BEGIN The input

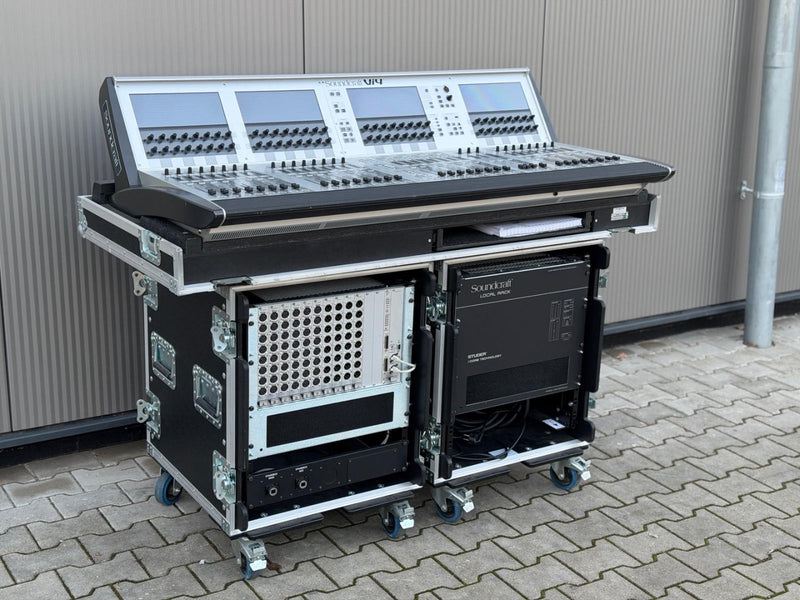Soundcraft Vi4 with Stage & Local Racks – Digital Mixer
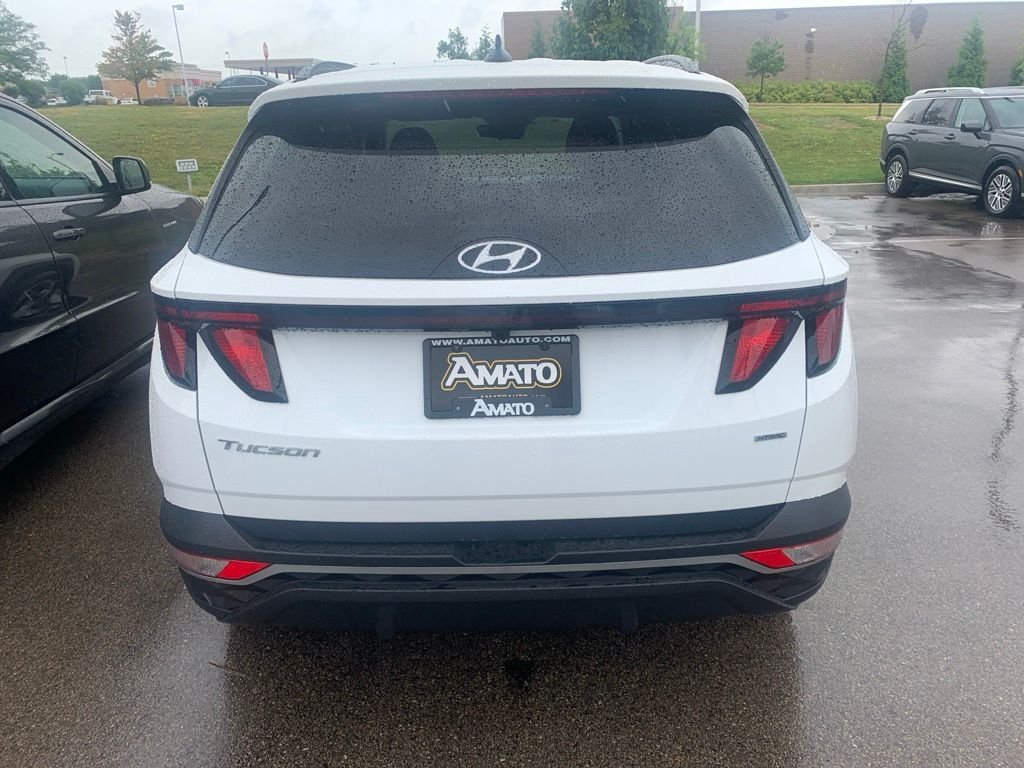 Certified Used 2024 White Hyundai SEL image 5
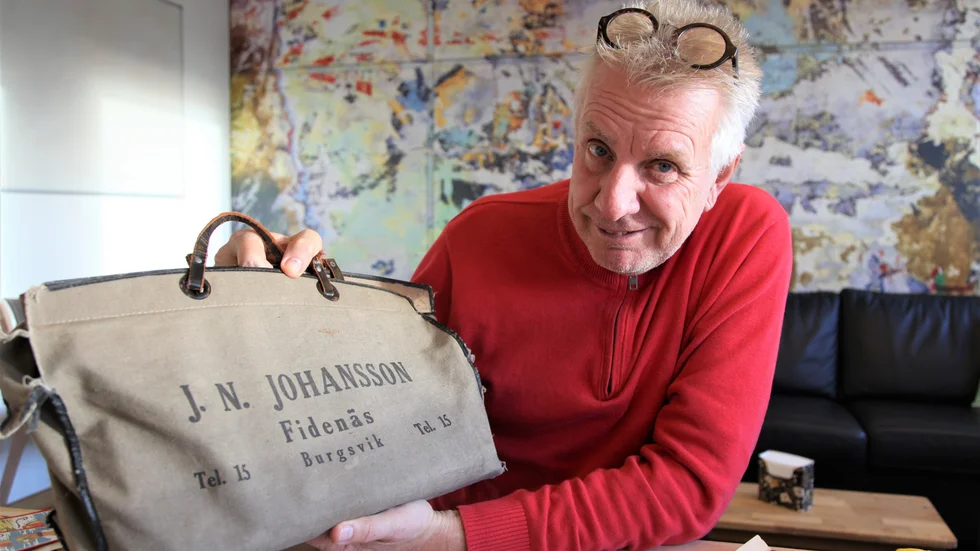 Pigge Werkelin gjorde ett fynd i förrådet. En hel massa dokument om Fidenäs camping. Notera telefonnumret till J.N.Johansson: Tel. 15.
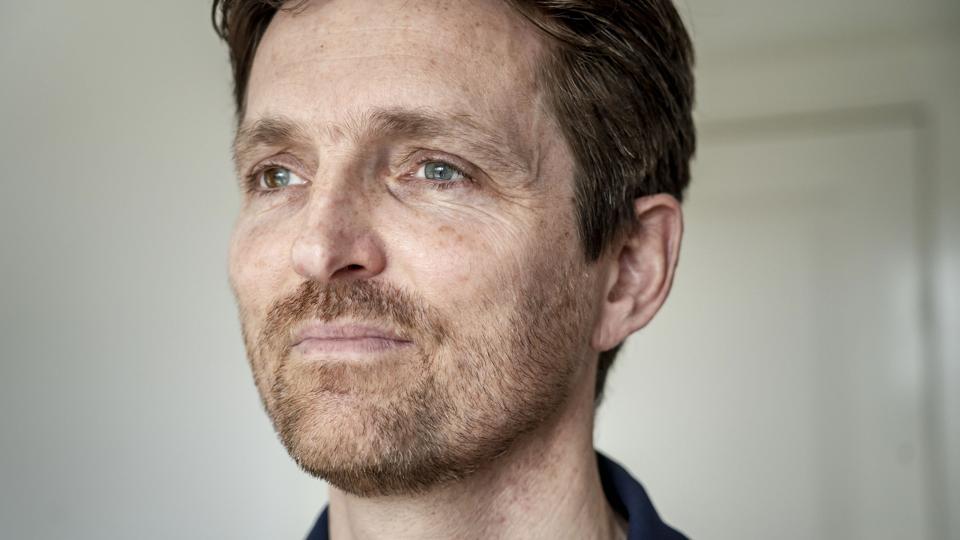 Ole Krogh Petersen, administrerende direktør for Danica, fotograferet på sin søns værelse, hvor han har haft hjemmekontor under corona-krisen. <i>Asger Ladefoged/Ritzau Scanpix</i>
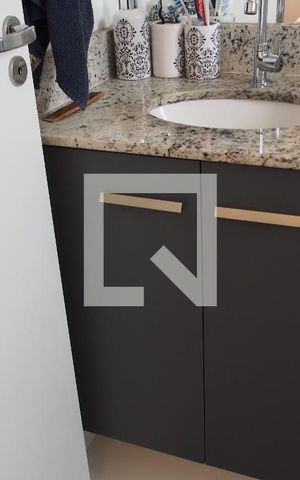 Apartamento à venda com 58m², 2 quartos e 2 vagasBanheiro da Suíte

END The input

#### The problem
Give the records again exactly as they stand, so that only the pictures are missing.

#### Reply to the exercise
Soundcraft Vi4 with Stage & Local Racks – Digital Mixer
 Certified Used 2024 White Hyundai SEL image 5
 Pigge Werkelin gjorde ett fynd i förrådet. En hel massa dokument om Fidenäs camping. Notera telefonnumret till J.N.Johansson: Tel. 15.
 Ole Krogh Petersen, administrerende direktør for Danica, fotograferet på sin søns værelse, hvor han har haft hjemmekontor under corona-krisen. <i>Asger Ladefoged/Ritzau Scanpix</i>
 Apartamento à venda com 58m², 2 quartos e 2 vagasBanheiro da Suíte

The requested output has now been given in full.